Sharing pelayanan oleh Pst Felix Supranto, SS.CC

Kebangunan Rohani Katolik (KRK), pada tanggal 16 Juni 2015, diadakan di aula Gereja Santo Fransiskus Xaverius, Tanjung Priok, Jakarta Utara, dalam rangka ulang tahun PDPKK di sana. Banyak umat, bahkan umat dari paroki-paroki sekitar dan Bekasi yang jauh, menghadiri KRK tersebut. Umat haus akan jamahan Tuhan. Jamahan Tuhan sangat berarti bagi mereka. Mereka percaya bahwa jamahan Tuhan dapat memulihkan mereka: “Aku bersemayam di tempat tinggi dan di tempat kudus tetapi juga bersama-sama orang yang remuk dan rendah hati, untuk menghidupkan semangat orang-orang yang rendah hati dan untuk menghidupkan hati orang-orang yang remuk” (Yesaya 57:15). Jamahan Tuhan penuh kuasa bagi orang yang percaya.

Setelah Firman Tuhan kusampaikan dan doa mohon kesembuhan serta pemulihan kudaraskan, seorang nenek mendekatiku. Ia berkata: “Romo, terimakasih, Tuhan telah menyembuhkan aku”. Aku langsung berkata: “Puji Tuhan, Tuhan memang luar biasa. Kuasa-Nya dahsyat. Jangan lupa bersaksi ya, Bu”. Aku pikir ibu itu pasti mengalami kesembuhan fisik yang menakjubkan. Aku pun bertanya kepadanya: “Ibu disembuhkan dari penyakit apa?” Jawabannya ternyata di luar perkiraanku: “Aku tidak disembuhkan dari penyakit jasmani.

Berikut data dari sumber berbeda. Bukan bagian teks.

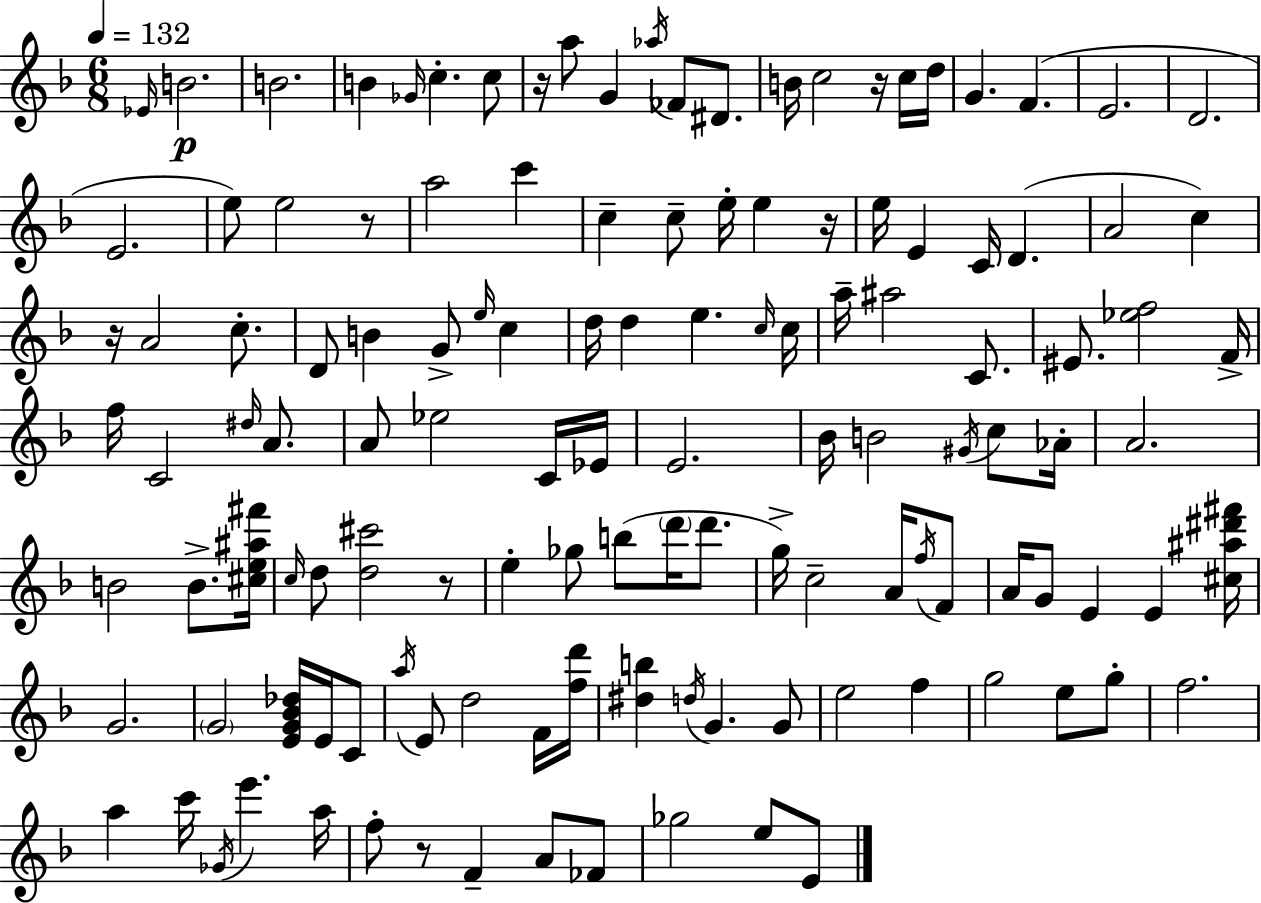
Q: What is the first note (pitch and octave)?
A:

Akan tetapi, Tuhan telah memulihkan makna kehidupanku. Semakin tua, semakin aku bertanya apakah masih ada bagian dalam tubuhku yang bernilai. Mataku semakin hari semakin kabur. Tanganku, yang dahulu kuat bisa bekerja untuk keluargaku, kini semakin lemah dan bahkan gemetar. Tanganku sudah sulit untuk memegang gelas sekalipun. Telingaku kini juga semakin sulit untuk mendengar sehingga banyak orang berpikir bahwa aku tidak nyambung dengan perkataan orang. Kakiku kini juga sulit berjalan karena reumatik. Semakin aku memikirkannya, aku semakin sedih karena merasa diriku tidak ada artinya. Akan tetapi, ketika aku meneteskan air mata pada saat ‘doa dikumandangkan’, aku merasakan tangan Tuhan Yesus menyentuh bahuku sambil berkata ‘Anakku, bahumu sangat bernilai dan nilainya tidak akan pernah berakhir. Bahumu bukan sekedar untuk menyangga kepalamu, tetapi bahumu adalah tempat yang selalu sedia menopang kepala orang-orang yang engkau cintai yang sedang meneteskan air mata. Bahumu adalah bahu-Ku. Dari bahumu mengalirlah belas kasihan dan peneguhan-Ku”. Setelah mengatakan demikian, ia diam sejenak. Setelah itu, ia melanjutkan ceritanya dengan senyuman yang renyah: “Apa yang telah aku katakan dan lakukan pasti terlupakan. Satu-satunya yang tak terlupakan adalah bagaimana aku telah membuat hidup banyak orang, terutama keluargaku, bermakna melalui bahuku. Ternyata hidupku terus bermakna melalui bahuku. Aku kini sangat bersukacita di masa senjaku dengan senantiasa menyediakan bahuku untuk memberikan kekuatan bagi yang membutuhkannya”.

Kesimpulan sebagai sebuah pesan: Belas kasihan tidak timbul dari bibir atau pikiran, tetapi dari dalam jiwa. Ia mampu mendengar apa yang tidak dikatakan, mengerti apa yang tidak dijelaskan, dan memahami apa yang dialami. Sebagai murid Tuhan Yesus Kristus, belas kasihan sudah selayaknya senantiasa ada dalam hati kita sebab di dalam Dia ada belas kasihan: “Jadi karena dalam Kristus ada nasihat, ada penghiburan kasih, ada persekutuan Roh, ada kasih mesra dan belas kasihan” (Filipi 2:1).